J’ai cessé depuis quelque temps déjà de me réclamer de l’anarchisme puisque ce qui m’intéresse, c’est l’anarchie. L’anarchisme est une catégorie classificatrice, une idéologie parmi tant d’autres, qu’on retrouve dans la première section des dictionnaires de sciences politiques avant conservatisme, écologisme, fascisme, féminisme, libéralisme, marxisme, socialisme et nazisme. Une idéologie dont les dépositaires patentés furent historiquement des organisations closes qui, comme toutes les organisations politiques, comportaient leurs propres rituels, hiérarchies, dogmes, polices, gardiens de la foi, schismes, exclusions et excommunications. Bref, l’anarchisme n’est rien d’autre qu’une idéologie politique et les organisations anarchistes ont la fâcheuse tendance d’agir comme toutes les autres organisations politiques — c’est-à-dire de reproduire à leur échelle toutes les grandes dominations qu’elles ont la prétention de combattre.

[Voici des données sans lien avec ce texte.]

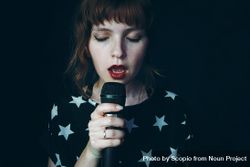 Woman in star print shirt holding microphone singing against dark background 41OAg0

L’anarchisme ne m’intéresse pas et la plupart des anarchistes ne m’intéressent pas davantage, car je suis convaincue qu’une des principales raisons pour lesquelles l’anarchie reste encore aujourd’hui un voeu pieux tient aux anarchistes eux-mêmes. L’anarchiste est en règle générale un militant — quelqu’un qui consacre l’essentiel de sa raison d’être à l’émancipation de tous. Et comme tous ses congénères, le militant anarchiste cultive des perversions qui le rendent infréquentable pour le commun des mortels. Il est généralement un idéologue profondément convaincu de détenir les clés de la compréhension ultime de l’univers. Il est aussi altruiste, dans le sens qu’il consacre sa vie à une cause qui n’est souvent pas la sienne propre (la Révolution, la Classe Ouvrière, les Pauvres, les Femmes, les Travailleurs Immigrés, etc.), ce qui le plonge dans un état permanent de frustration de ses propres désirs et le place, comme tous les «serviteurs du peuple» dans une position où il peut juger, exclure et condamner ses semblables en identifiant les amis et les ennemis de la Cause. Les militants sont pour la plupart monomaniaques, moralisateurs, puritains et rabat-joie, et les anarchistes ne font malheureusement pas exception.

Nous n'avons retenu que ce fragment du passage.